Instructions In this project you will investigate the exponential distribution in R and compare it with the Central Limit Theorem. The exponential distribution can be simulated in R with rexp(n, lambda) where lambda is the rate parameter. The mean of exponential distribution is 1/lambda and the standard deviation is also 1/lambda. Set lambda = 0.2 for all of the simulations. You will investigate the distribution of averages of 40 exponentials. Note that you will need to do a thousand simulations.
Illustrate via simulation and associated explanatory text the properties of the distribution of the mean of 40 exponentials. You should
Set the parameters for our sample
set.seed(123)
nSim <- 1000 # number of simulations
n <- 40 # sample size
lambda <- 0.2 # lambda for the exponential distribution
Generate 1000 simulations, each with 40 samples
# generate n*nSim number of random number
data <- rexp(n*nSim, lambda)
dataMatrix <- matrix(ncol = n, data) # put them in a matrix
Caculate the mean and variance of the 1000 simulation
# calculate the mean of each row and put them in data frame for ggplot
sampleMean <- data.frame(sampleMean = apply(dataMatrix, 1,mean))
# calculate the mean and variance
mean_sampleMean <- mean(sampleMean$sampleMean)
var_sampleMean <- var(sampleMean$sampleMean)

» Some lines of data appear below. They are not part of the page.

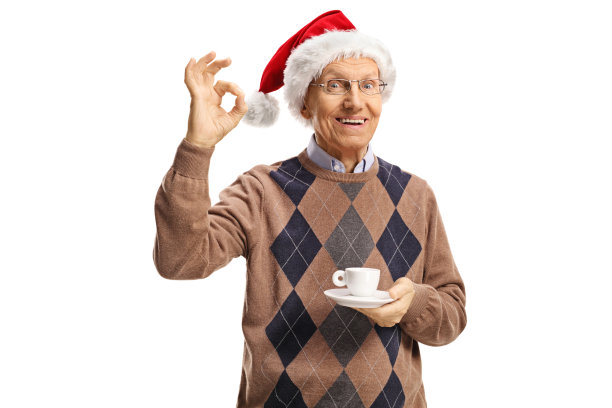 一个老人拿着一杯咖啡，戴着圣诞老人的帽子，做了一个完美的手势图片下载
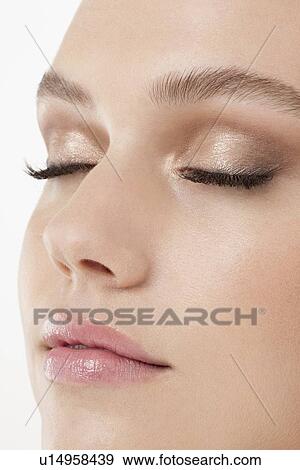 Stock Photo - Close-up of female face with subtle make-up. Fotosearch
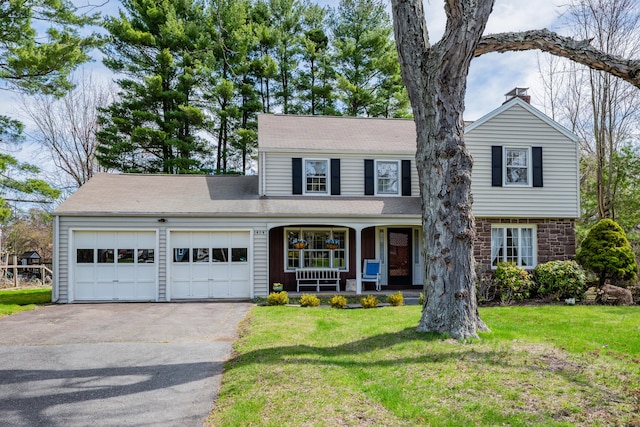 view of front of property featuring a front yard, covered porch, a garage, and aphalt driveway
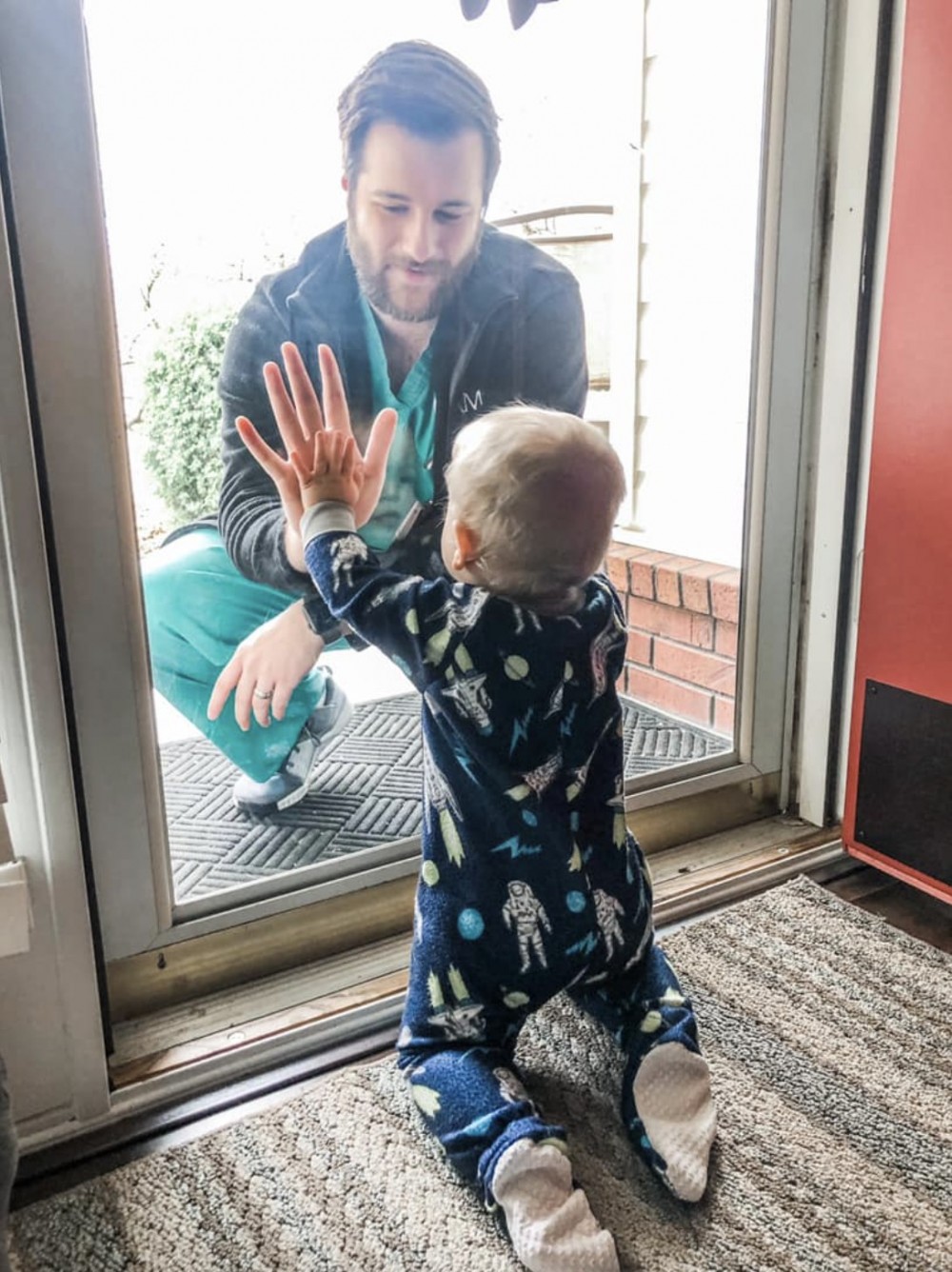 據外媒報導，相片中的男醫生賈里德·伯克斯（Jared Burks）來自阿肯色洲（state of Arkansas) ，他近來都站在前線工作對抗疫情，早前終獲休假回家，但因怕把痛毒傳染給家人，於是決定隔著玻璃與家人見面。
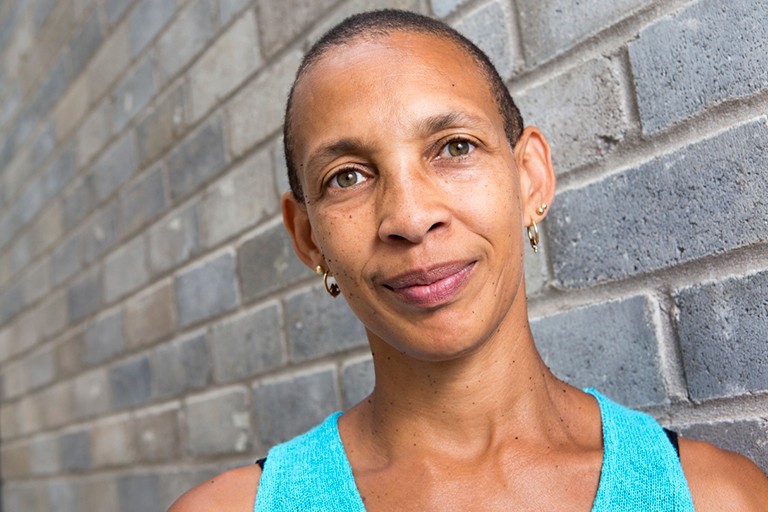 Angélique Willkie: “Being appointed to lead university-wide efforts to address systemic anti-Black racism is a historic undertaking that I don’t take lightly.” Smiling Black women with short hair, green eyes and a turquoise singlet.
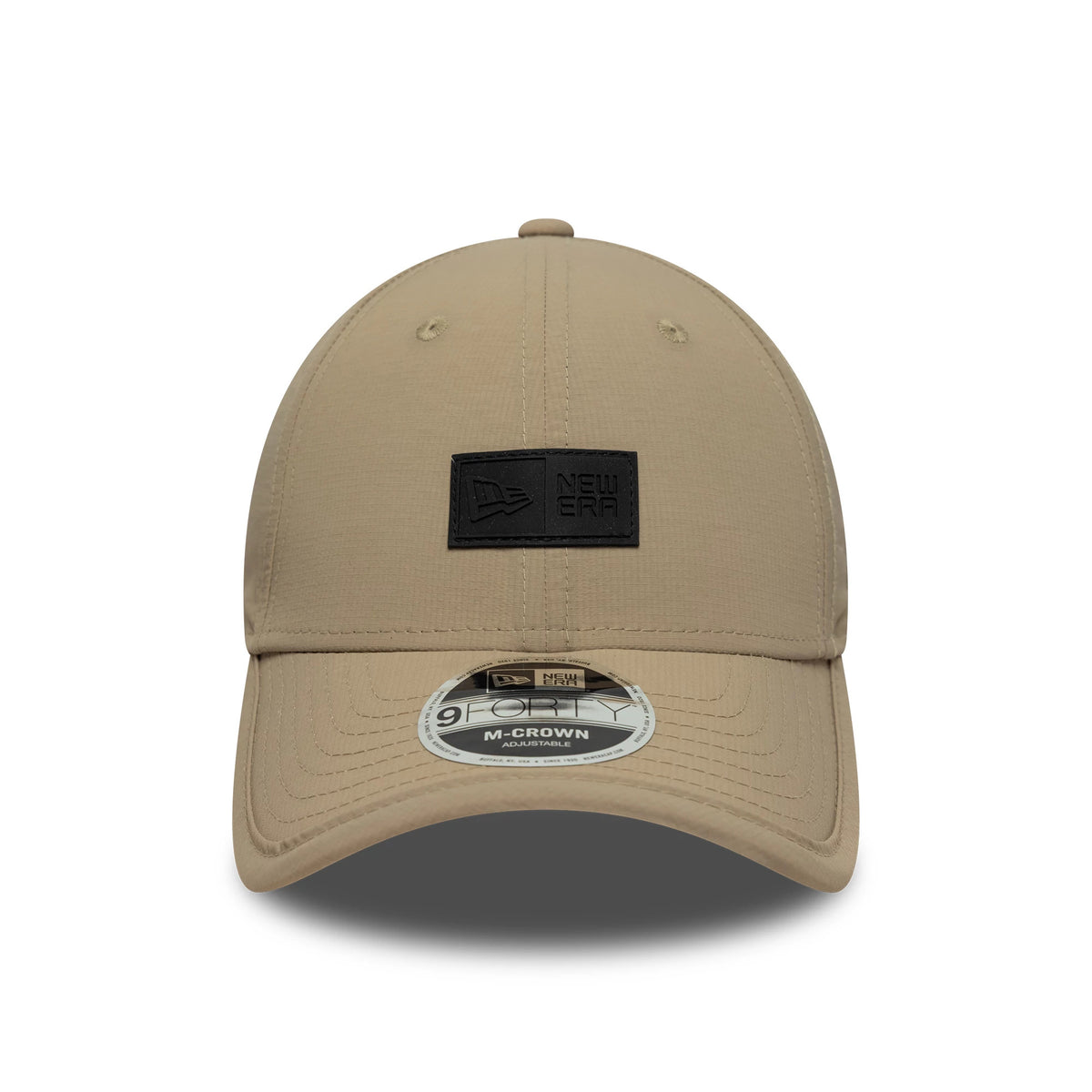 New Era Sport Light Beige 9FORTY M-Crown Cap, front view showing a black New Era patch on the centre front panel with a curved light beige visor and a 9FORTY size sticker centrally placed on the visor.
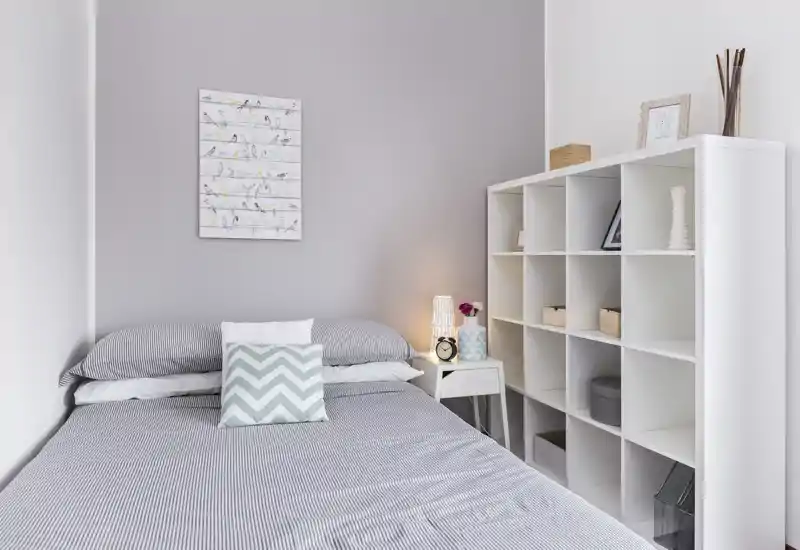 Camera da letto luminosa e minimal con letto matrimoniale ordinato, cuscino decorativo a chevron e libreria a cubi che offre spazio e stile.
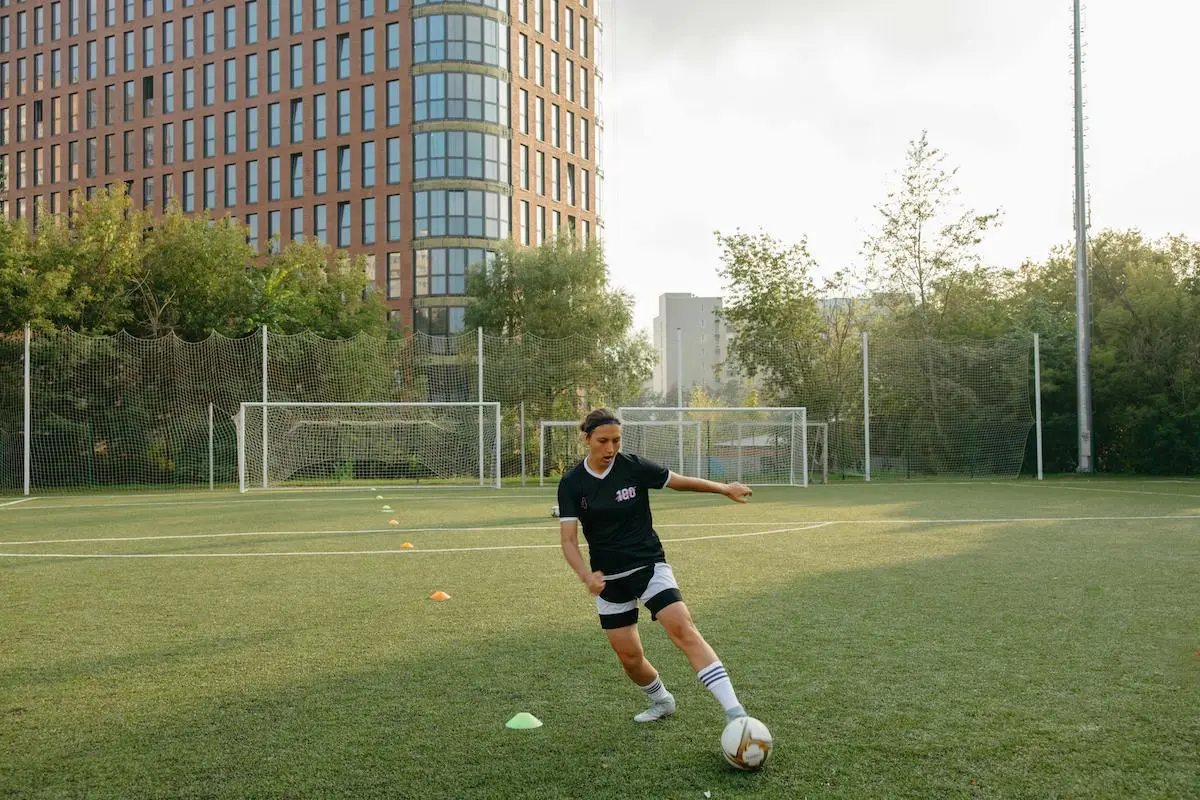 woman soccer training with cones on field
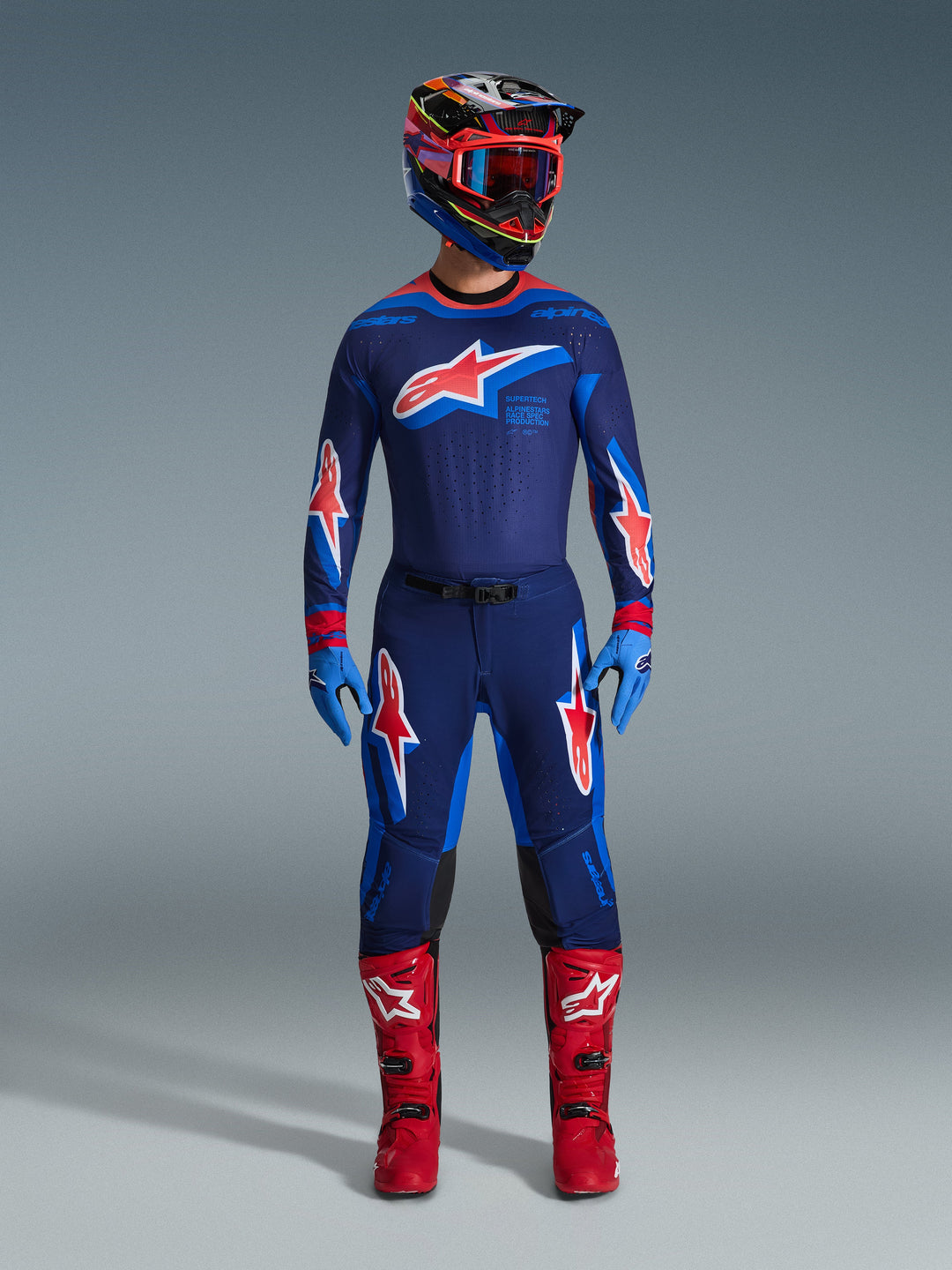 Conjunto de equipamiento Supertech Vista 2026, traje completo de competición de motocross, camiseta y pantalones azul oscuro con logotipos de estrellas rojas y blancas, casco multicolor con gafas rojas, guantes azul claro y botas rojas brillantes, equipo de MX de nivel profesional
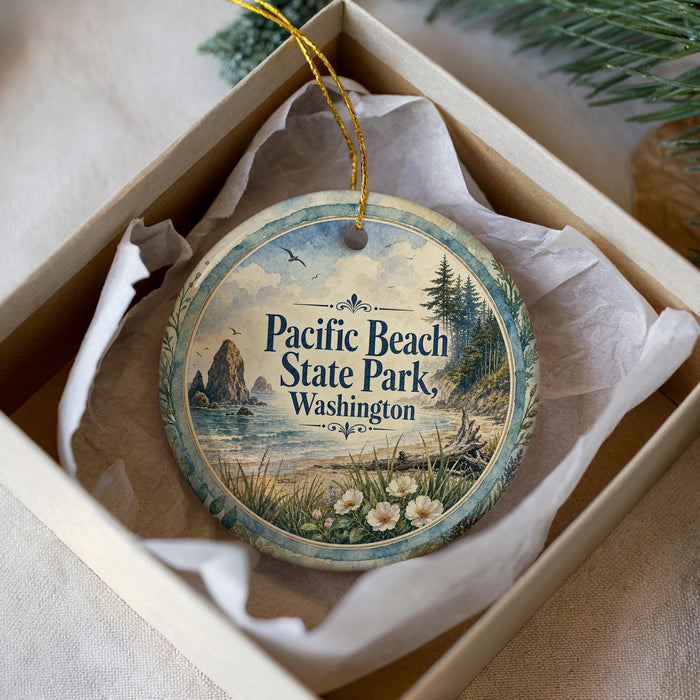 A decorative ornament in a white box, featuring a scenic image of Pacific Beach State Park in Washington with a pine tree and a body of water.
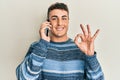 Hispanic young man having conversation talking on the smartphone doing ok sign with fingers, smiling friendly gesturing excellent Royalty Free Stock Photo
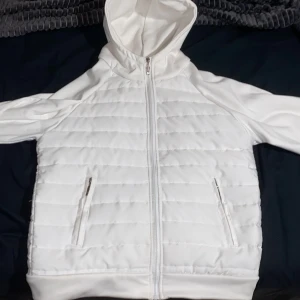 Vit quiltad pufferjacka med huva - Säljer en fräsch vit pufferjacka med quiltad framsida och huva. Jackan har dragkedja hela vägen och två fickor med dragkedja. Perfekt för dig som gillar stilren och clean look. Materialet känns mjukt och lätt, och passformen är normal.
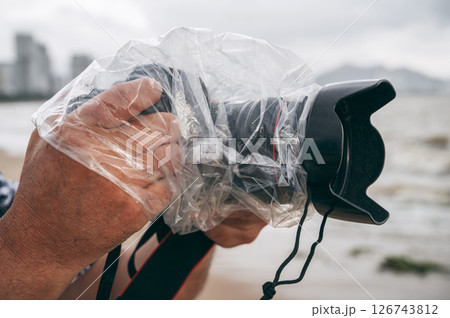 professional camera in a waterproof case that protects against rain and splashes in nature on rainy day professional camera in a waterproof case that protects against rain and splashes in nature on rainy day 126743812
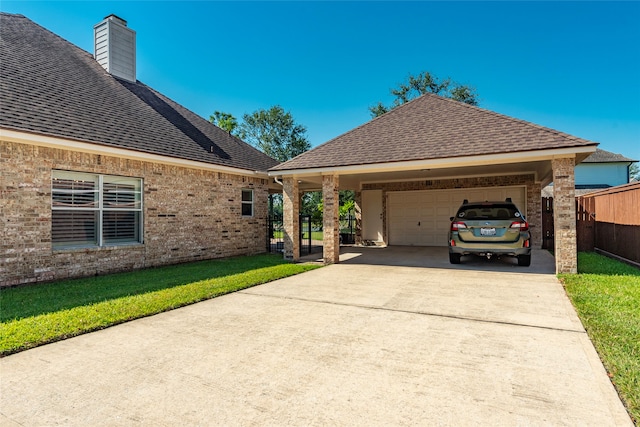 view of front of home with a garage and a front yard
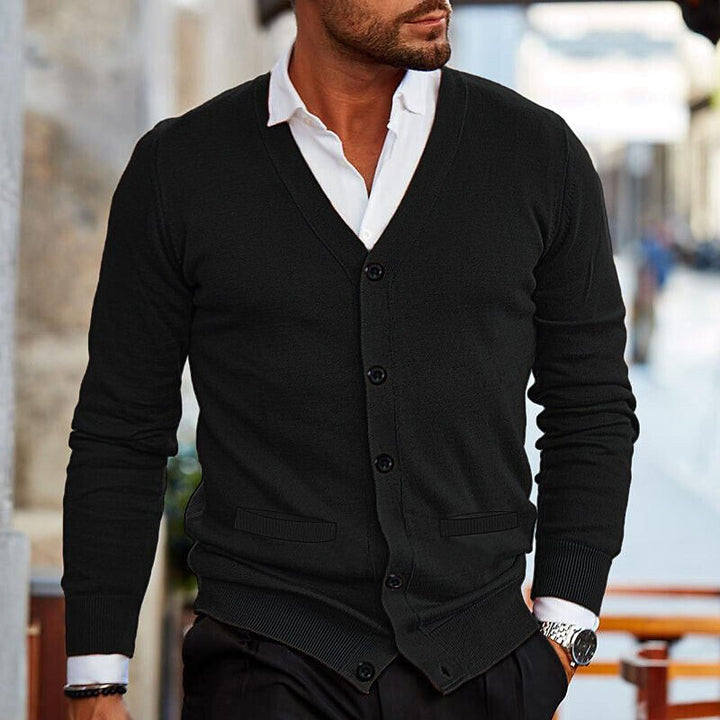 Soft knitwear fabric of a men's long sleeve V-neck button cardigan, a comfortable fall/winter layering top.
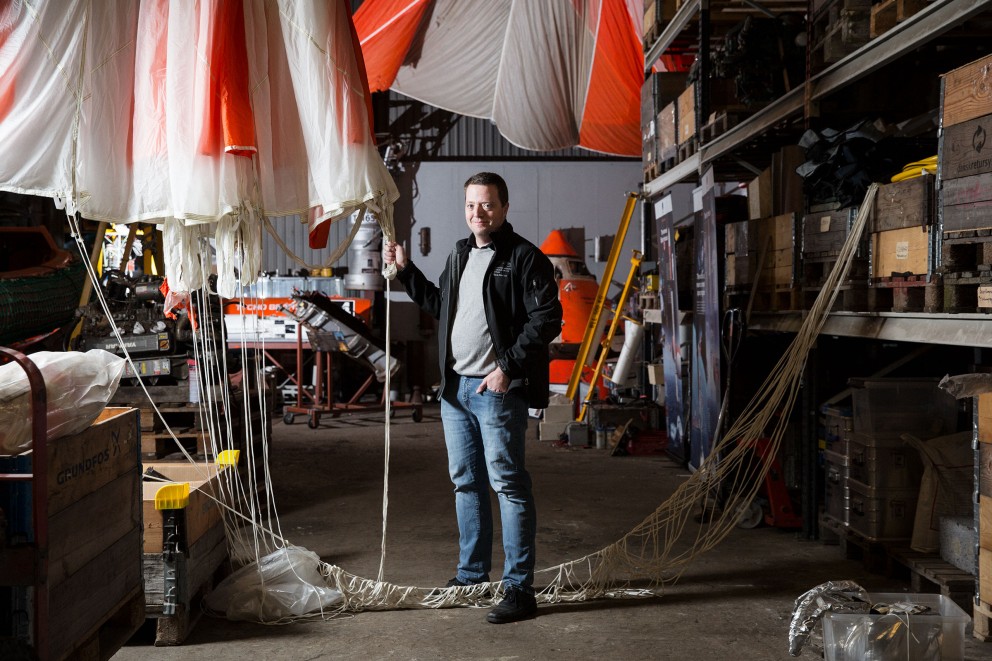 Un homme se tient dans un entrepôt avec un parachute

Calculate the mean and variance of Normal Distribution
# for the theoretical mean, std and variance
meanTheo <- 1/lambda
stdTheo <- (1/lambda)/sqrt(n)
varTheo <- stdTheo^2
Print out the mean and variance of Simulation and Normal for comparison
#Companring sample and theoretical mean, variance
cat("Sample Mean:", mean_sampleMean, "\nTheoretical Mean:",meanTheo)
## Sample Mean: 5.011911
## Theoretical Mean: 5
cat("Sample Variance:", var_sampleMean, "\nTheoretical Variance:", varTheo )
## Sample Variance: 0.6088292
## Theoretical Variance: 0.625
As we can see, the mean and variance of the simluation are very close to that of a Normal Distribution. That anwer the question 1 & 2 and also confirms the Central Limit Theorem.